▸ **WHAT NEEDS TO BE DONE**: Would you restate all of the entries verbatim, minus any images?

** RECORD EXTRACTS follows **

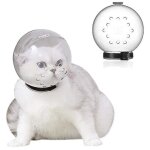 Fei yu - cagoule pour chat sphrique anti - morsure respirante transparente anti - lchage masque protection ...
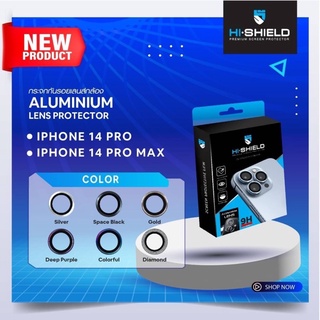 แหวนกันรอยเลนส์กล้อง(เลนส์อลูมิเนียม)Hi-Shield รุ่น Ip 14 Pro/14 Pro max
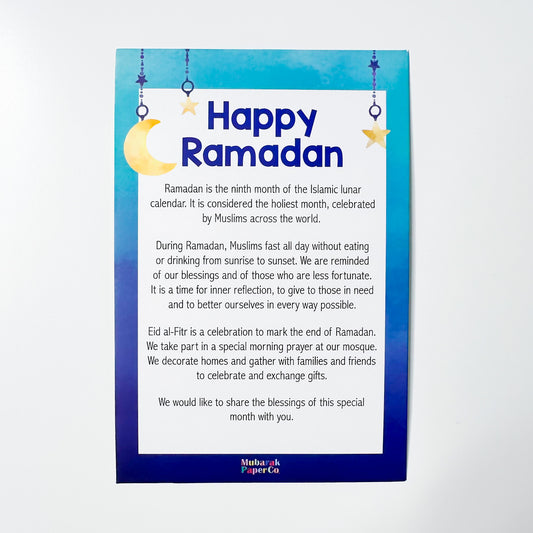 Happy Ramadan & Dua/Dhikr Cards (15 pack)
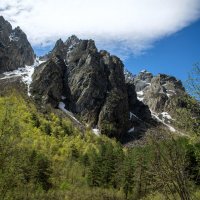 Гора Монах. Цейское ущелье. Северная Осетия - Алания. :: Дина Евсеева Гора Монах. Цейское ущелье. Северная Осетия - Алания. :: Дина Евсеева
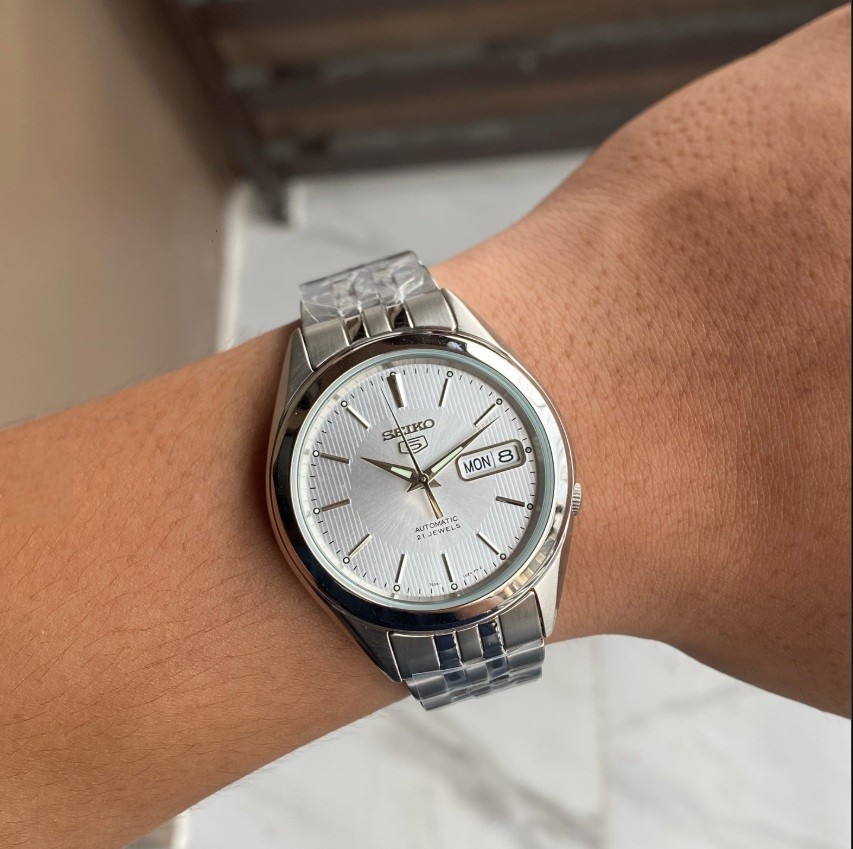 Seiko 5 SNKL15K1 Automatic Stainless Steel 21 Jewels Analog Men's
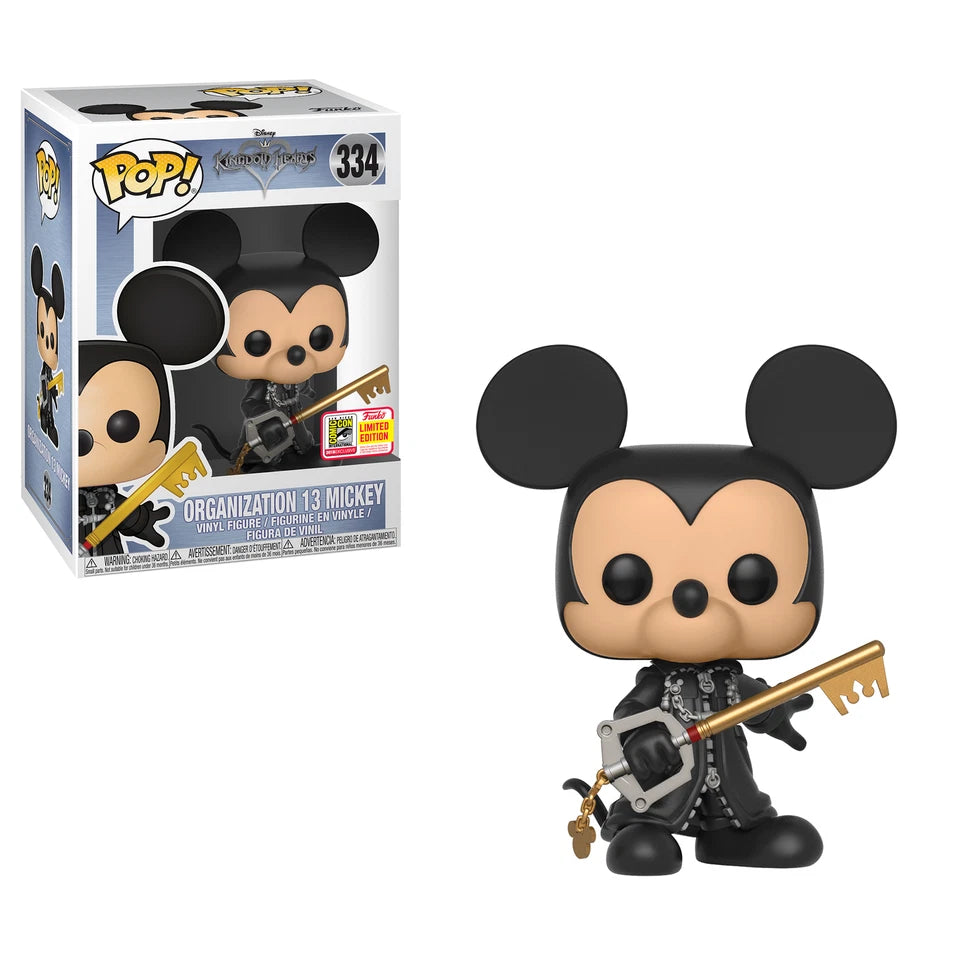 Funko Pop! Vinyl: Kingdom Hearts - Mickey Mouse #334 (Organization XIII) - NIB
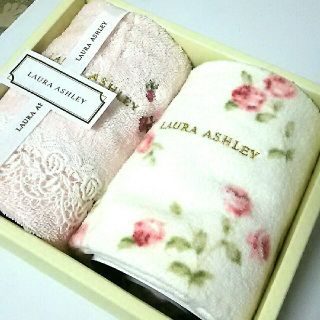 ローラアシュレイ(LAURA ASHLEY)のLAURA ASHLEY ゲストタオルセット(タオル/バス用品)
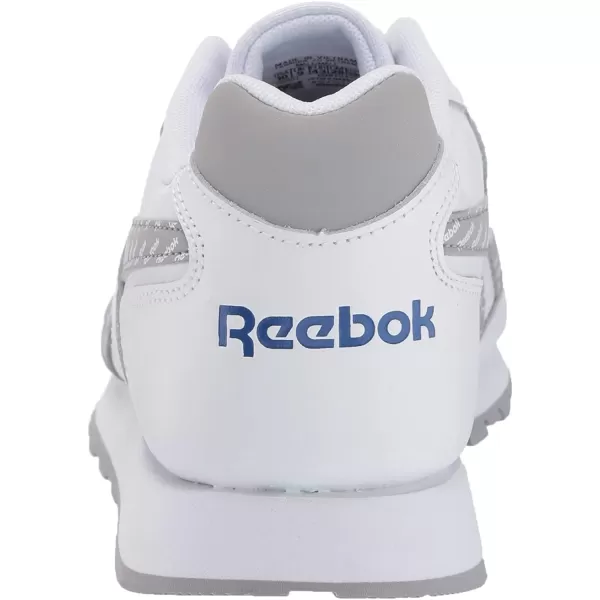 imageReebok Mens Classic Harman Run SneakerWhitePure GreyHumble Blue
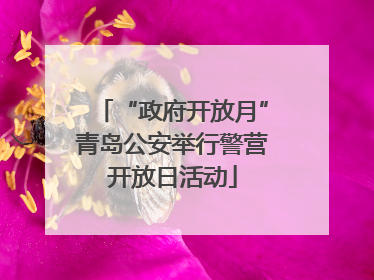 “政府开放月”青岛公安举行警营开放日活动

** End of RECORD EXTRACTS **

▸ **ANSWER TO THE EXERCISE**:
 Fei yu - cagoule pour chat sphrique anti - morsure respirante transparente anti - lchage masque protection ...
 แหวนกันรอยเลนส์กล้อง(เลนส์อลูมิเนียม)Hi-Shield รุ่น Ip 14 Pro/14 Pro max
 Happy Ramadan & Dua/Dhikr Cards (15 pack)
 Гора Монах. Цейское ущелье. Северная Осетия - Алания. :: Дина Евсеева Гора Монах. Цейское ущелье. Северная Осетия - Алания. :: Дина Евсеева
 Seiko 5 SNKL15K1 Automatic Stainless Steel 21 Jewels Analog Men's
 Funko Pop! Vinyl: Kingdom Hearts - Mickey Mouse #334 (Organization XIII) - NIB
 ローラアシュレイ(LAURA ASHLEY)のLAURA ASHLEY ゲストタオルセット(タオル/バス用品)
 imageReebok Mens Classic Harman Run SneakerWhitePure GreyHumble Blue
 “政府开放月”青岛公安举行警营开放日活动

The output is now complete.